What is required → All lines below containing "properly" are to be listed.

***** Data

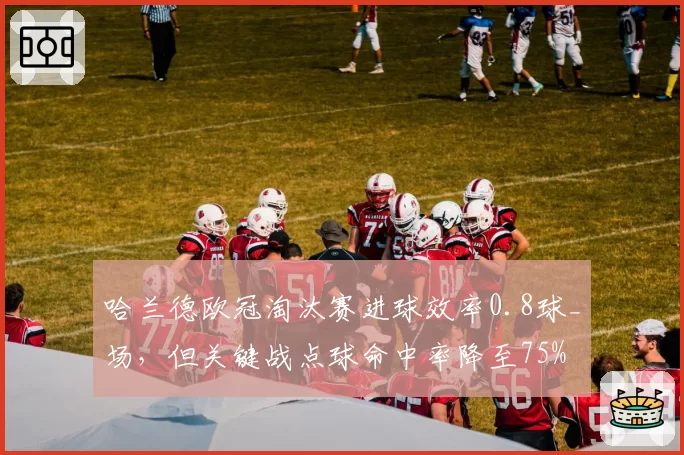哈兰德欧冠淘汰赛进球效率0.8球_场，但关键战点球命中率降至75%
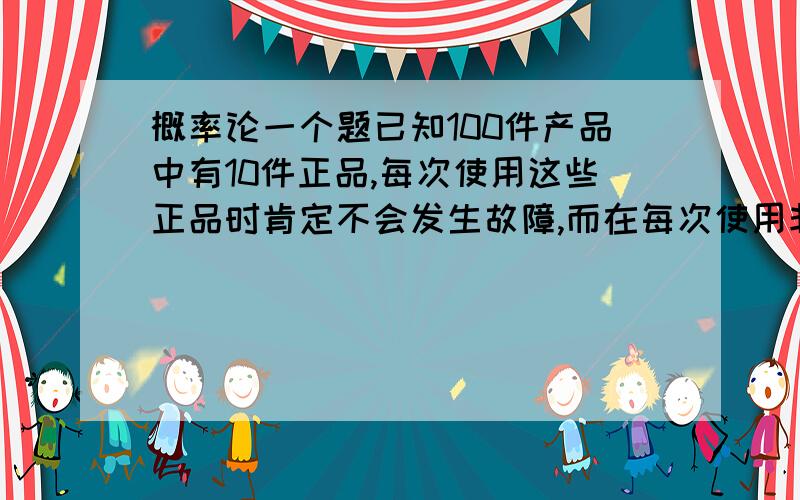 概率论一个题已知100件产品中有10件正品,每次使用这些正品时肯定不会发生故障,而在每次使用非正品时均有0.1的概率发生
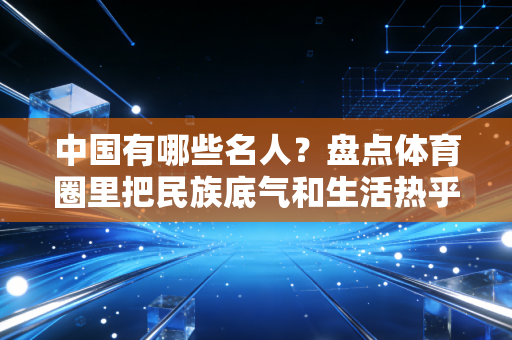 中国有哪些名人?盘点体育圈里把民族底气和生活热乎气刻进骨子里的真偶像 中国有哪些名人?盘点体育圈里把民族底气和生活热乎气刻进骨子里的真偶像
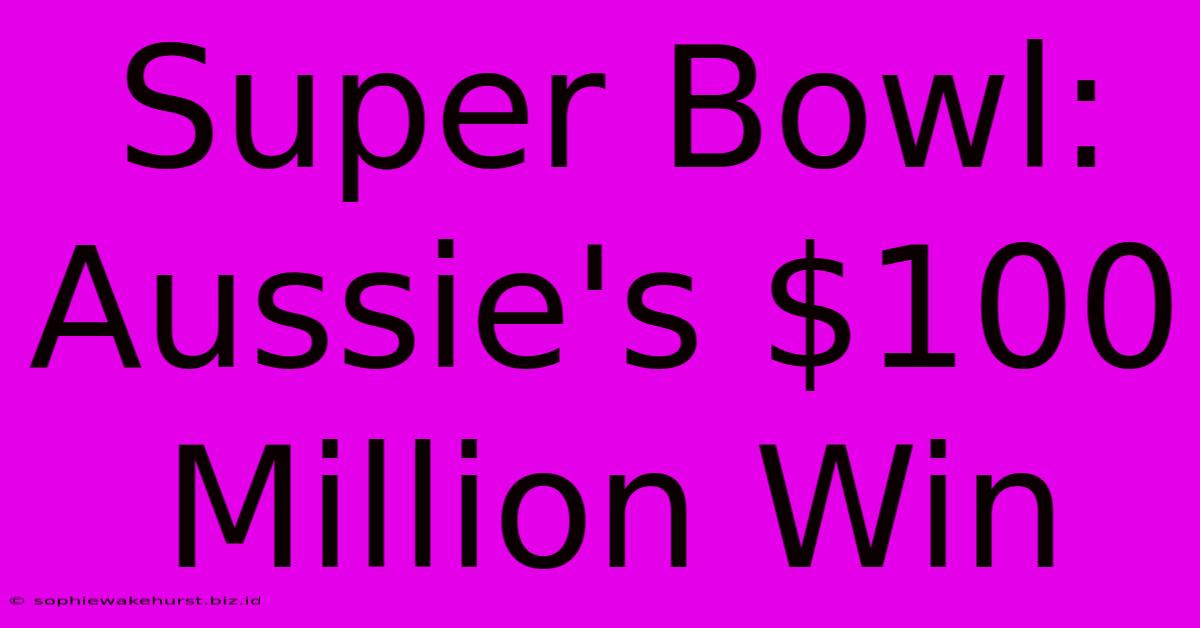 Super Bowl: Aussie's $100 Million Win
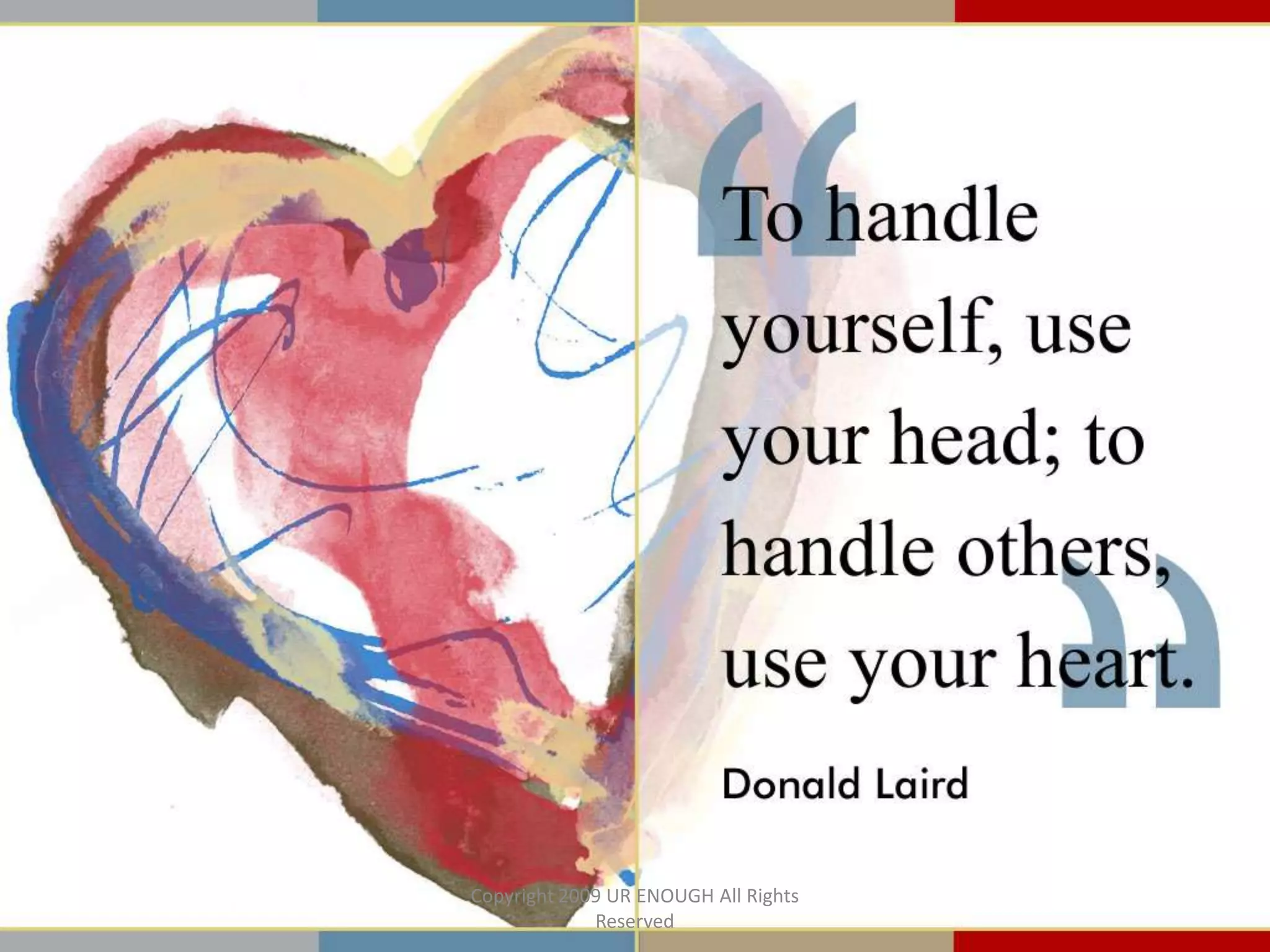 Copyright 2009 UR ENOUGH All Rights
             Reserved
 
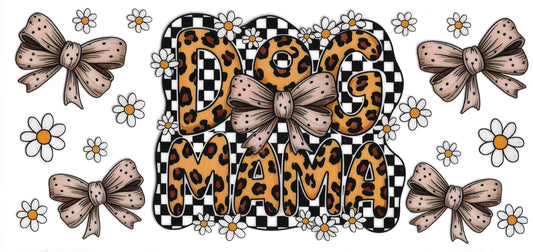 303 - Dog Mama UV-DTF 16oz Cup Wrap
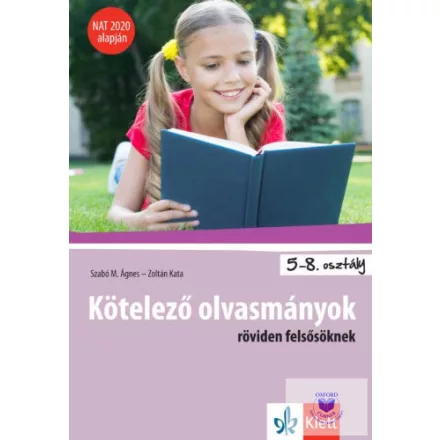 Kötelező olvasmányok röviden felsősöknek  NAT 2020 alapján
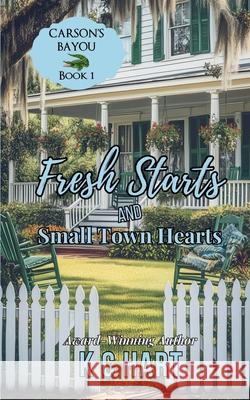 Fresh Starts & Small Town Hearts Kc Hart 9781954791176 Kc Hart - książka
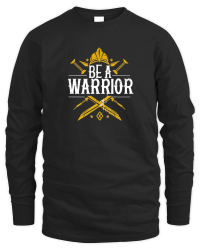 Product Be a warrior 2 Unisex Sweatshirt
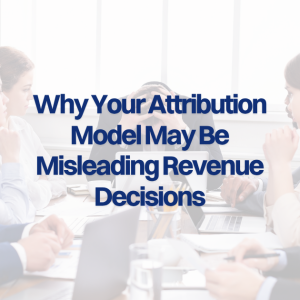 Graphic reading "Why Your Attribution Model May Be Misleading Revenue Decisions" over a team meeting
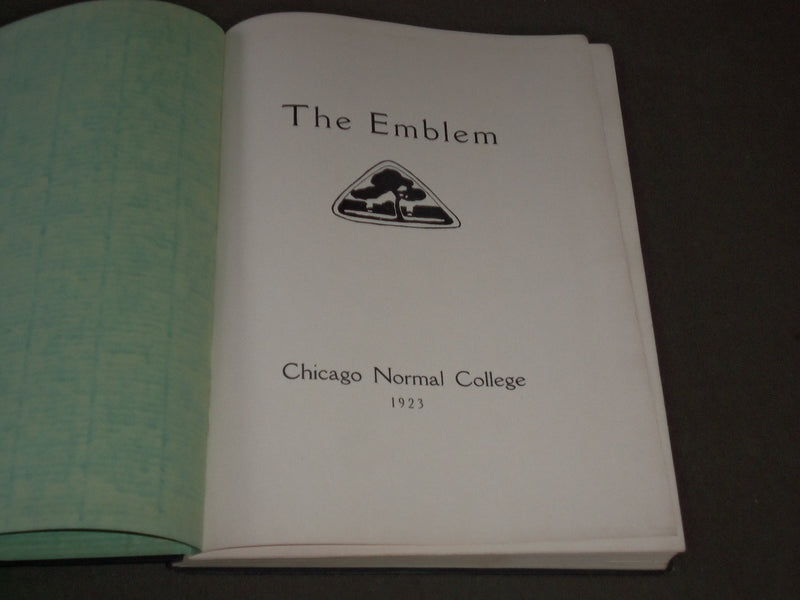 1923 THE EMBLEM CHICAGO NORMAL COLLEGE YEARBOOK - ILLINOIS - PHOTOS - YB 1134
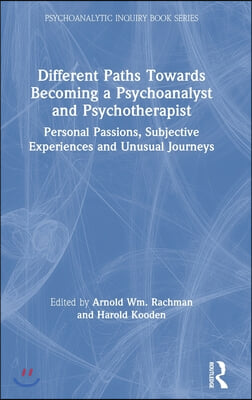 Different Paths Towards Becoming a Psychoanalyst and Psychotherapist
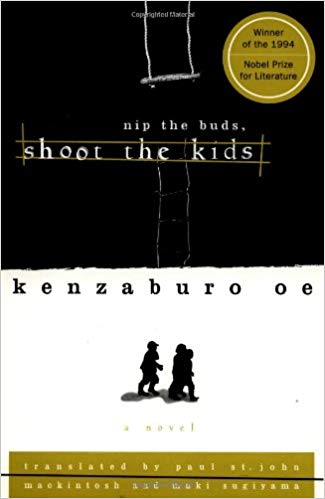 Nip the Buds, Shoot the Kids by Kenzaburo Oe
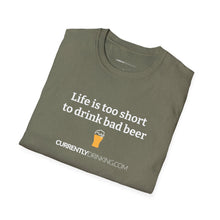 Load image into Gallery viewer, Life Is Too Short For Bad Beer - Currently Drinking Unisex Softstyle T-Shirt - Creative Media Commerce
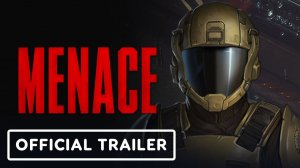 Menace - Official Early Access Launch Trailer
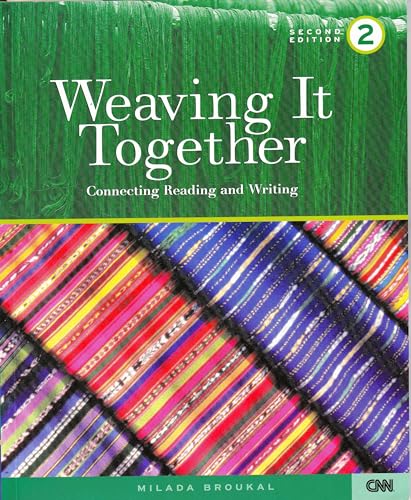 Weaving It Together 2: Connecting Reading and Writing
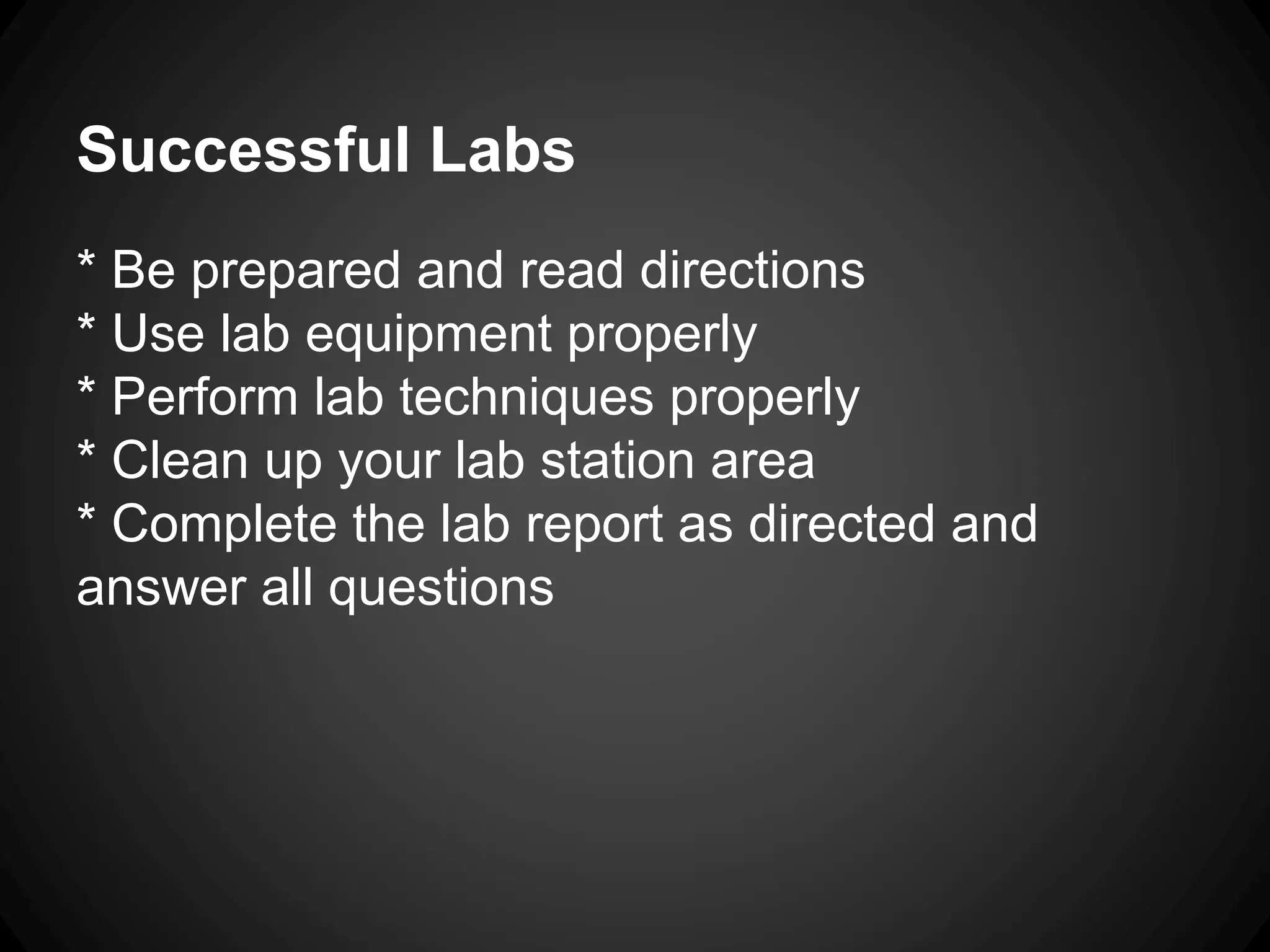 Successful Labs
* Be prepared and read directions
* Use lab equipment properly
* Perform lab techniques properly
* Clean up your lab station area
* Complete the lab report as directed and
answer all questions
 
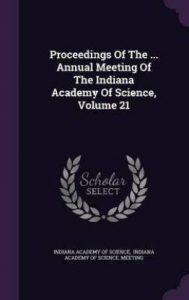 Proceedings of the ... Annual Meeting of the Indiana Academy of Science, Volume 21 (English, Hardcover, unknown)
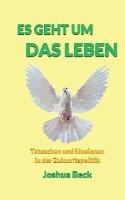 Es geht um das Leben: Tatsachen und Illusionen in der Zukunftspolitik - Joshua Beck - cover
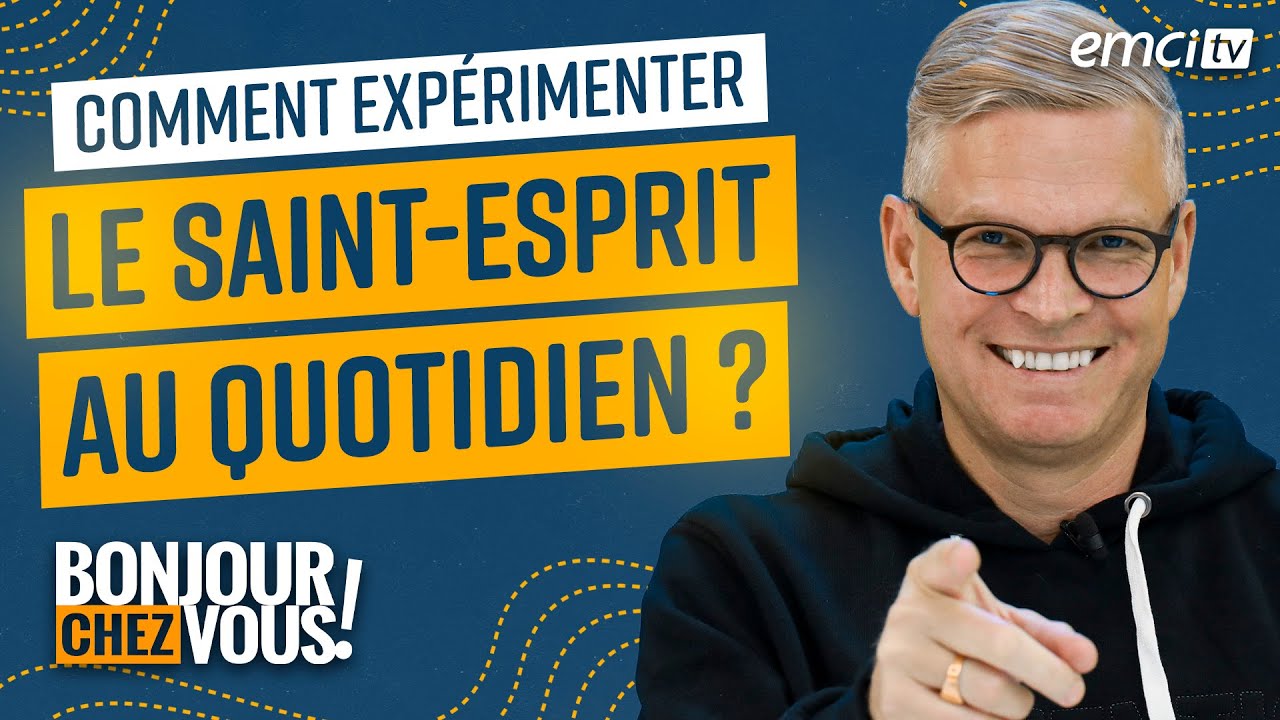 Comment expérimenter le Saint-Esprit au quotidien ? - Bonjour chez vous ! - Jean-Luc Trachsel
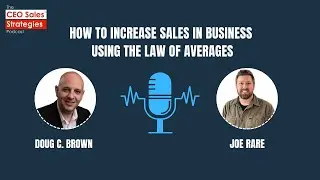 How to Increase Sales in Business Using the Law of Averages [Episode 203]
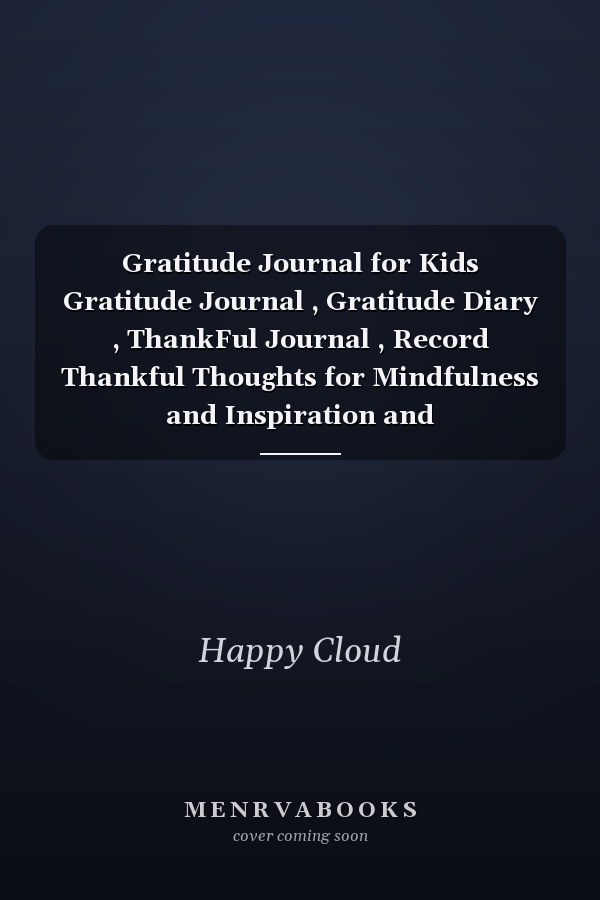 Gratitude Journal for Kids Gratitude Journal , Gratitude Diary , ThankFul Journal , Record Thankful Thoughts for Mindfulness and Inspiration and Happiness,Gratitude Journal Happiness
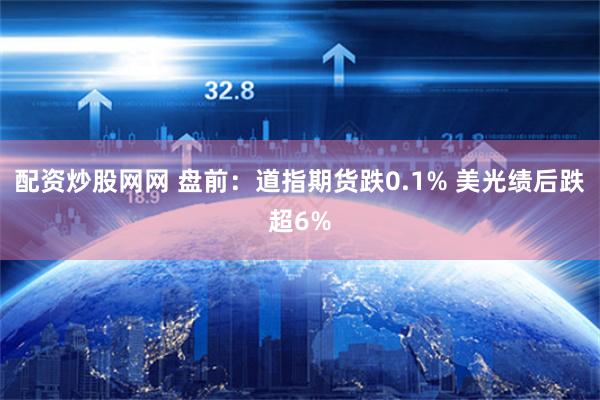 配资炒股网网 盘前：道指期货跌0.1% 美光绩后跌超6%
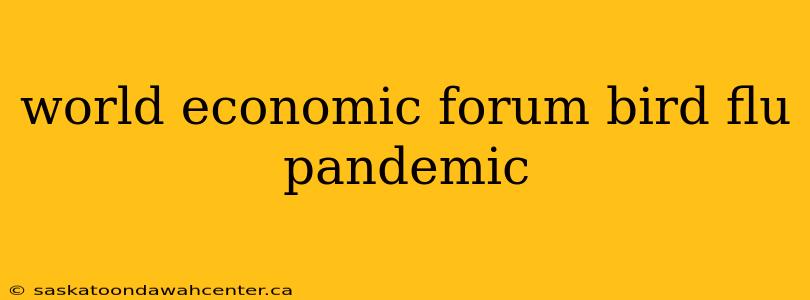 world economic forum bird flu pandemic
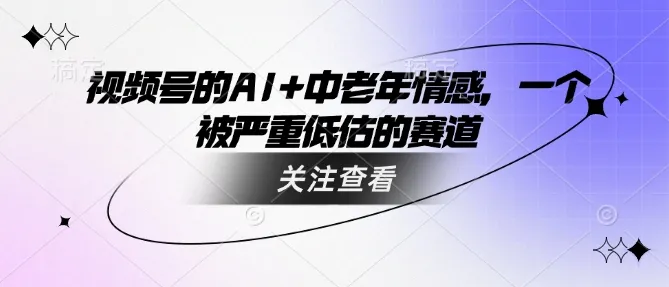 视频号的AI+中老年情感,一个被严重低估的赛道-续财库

**********

Answer space →
* Use lab equipment properly
* Perform lab techniques properly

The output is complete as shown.